The House of Representatives maintained their position yesterday that the Senate’s appropriation of funds set aside for the Marianas Visitor Authority is unconstitutional.
Senators, likewise, submitted a memo to their counterparts that reaffirmed their legal standing on the matter.
In effect, the Senate and House maintained their positions from last Thursday, when the budget conference first met.
Lawmakers have about three weeks to resolve their budget differences and settle on a budget for Inos’ approval before the fiscal year ends on Sept. 30.
House budget conference chair Rep. Antonio Sablan (Ind-Saipan) opened discussion yesterday, saying it was necessary to resolve their differences on the reallocation of earmarked funds.
Senators propose to direct MVA to move about $2.5 million from their earmarked funds to assist other government agencies with utilities and equipment expenses, among others.
Sablan said all other items in the conference committee session are “secondary” to resolving these differences
Sablan said they maintaining that the Senate’s provisions in the budget are unconstitutional.
To this, Sen. Jude Hofschneider (R-Tinian), Senate conference chairman, said the Senate remains firm in their position, sharing with House lawmakers copies of a “legal analysis” of their position and pushing for a closed-door session to discuss the issue.
House lawmakers asked for a recess to read and review the Senate memo.
After the recess, Sablan told senators that if they did not object, he had prepared a draft letter to the CNMI Attorney General to seek his position on the matter.

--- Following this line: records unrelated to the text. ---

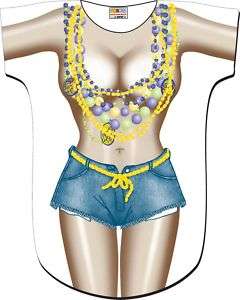 Mardi Gras Swimsuit Bikini Cover Up Tee T Shirt New  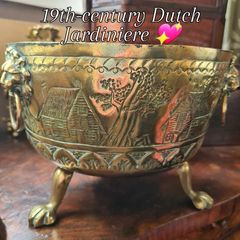 19th century Dutch Brass Jardiniere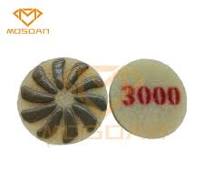 125mm White Resin Fenix Sponge Polishing Pads for Concrete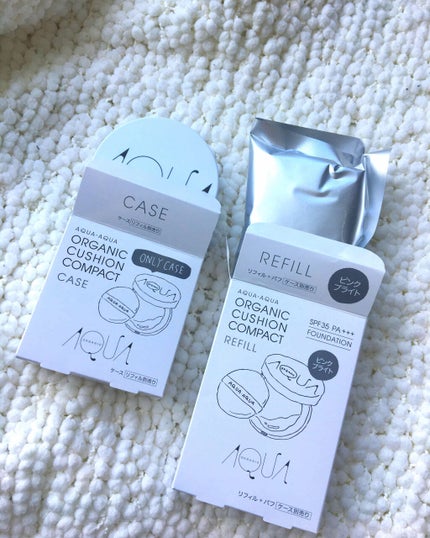 オーガニッククッションコンパクト/アクア・アクア/クッションファンデーションを使ったクチコミ(1枚目)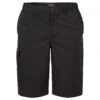 Craghoppers Mens Expert Kiwi Long Length Cargo Shorts (Black)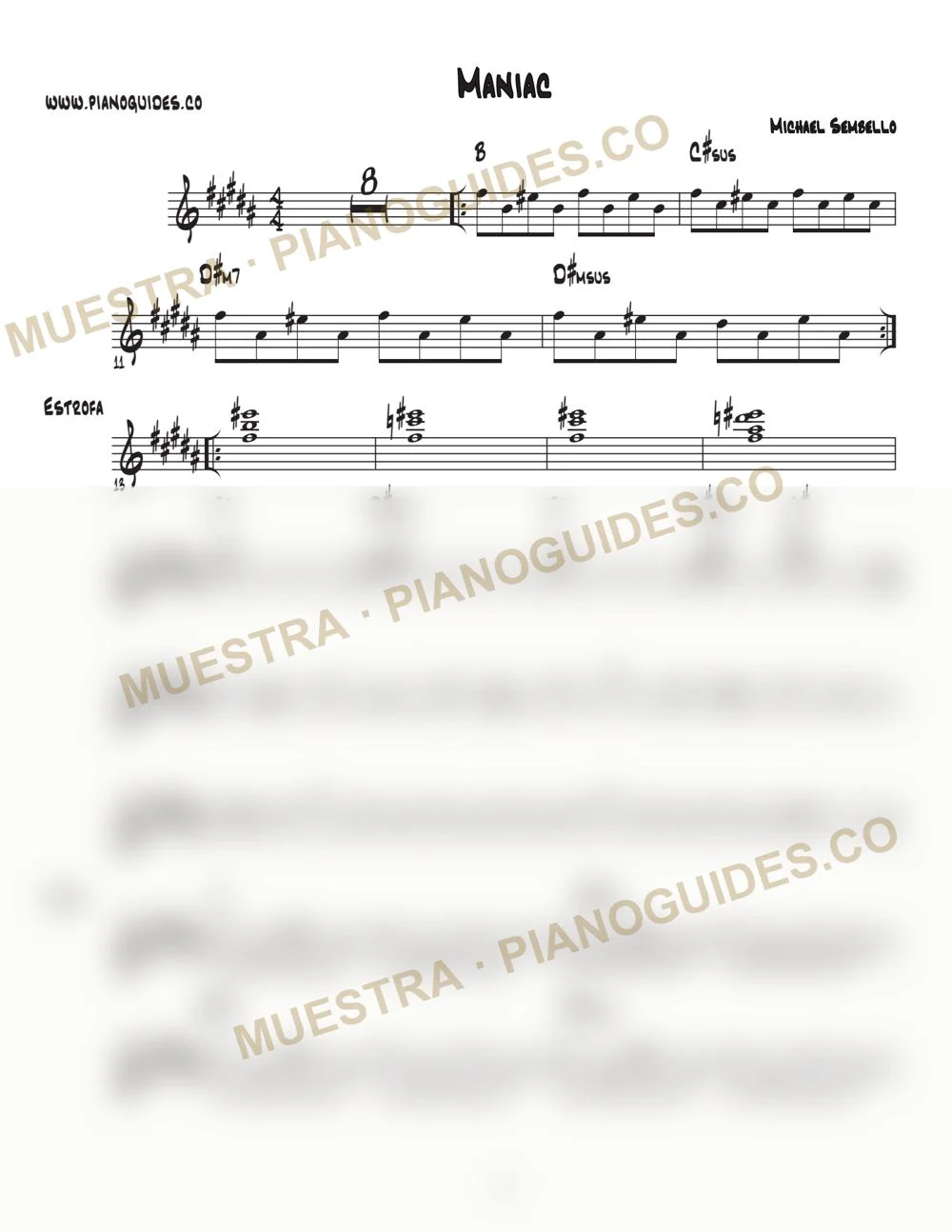Primera página de la guía Maniac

“We have an impasse because our legal counsels are telling us differently,” Sablan said at one point in the ensuing discussion.
After further discussion debating points in the Senate’s budget provisions, the Senate agreed to let the House seek an opinion from the attorney general, and adjourned the meeting.
The Senate memo
The Senate acknowledges that a budget bill shall be limited to the “subject of appropriations,” but say that “appropriation” is neither defined in the Constitution nor the proposed budget bill.
The Senate states that all three provisions inserted by the Senate that invoked “notwithstanding clauses” to appropriate earmarked funds were acts of appropriation.
Citing “Black’s Law Dictionary,” the Senate defined appropriation as an act “authorizing the expenditure of public moneys and stipulating the amount, manner, and purpose of the various items of expenditure.”
The Senate said there provisions did not violate the one subject rule set by the NMI Constitution.
The Senate believes that any constitutional challenge on a supposed violation on their part would be “fruitless” because such challenge could not be declared unconstitutional or constitutional by the court. Appropriation bills are not subject to judicial review.
The legislative responsibility to set the budget bill is set by the Constitution and not subject to judicial review.
The Senate called it “ludicrous” if Senate provisions are made law and MVA choose not to follow the provisions because the agency thinks it is unconstitutional.
“If the court cannot declare a violation of the one subject rule unconstitutional, what authority does the MVA have to declare a violation of said rule unconstitutional? The MVA has no authority whatsoever to ignore an enacted law, let alone declare it unconstitutional,” the Senate memo states, referring also to email from MVA last week stating its belief that the Senate’s action violates the Constitution.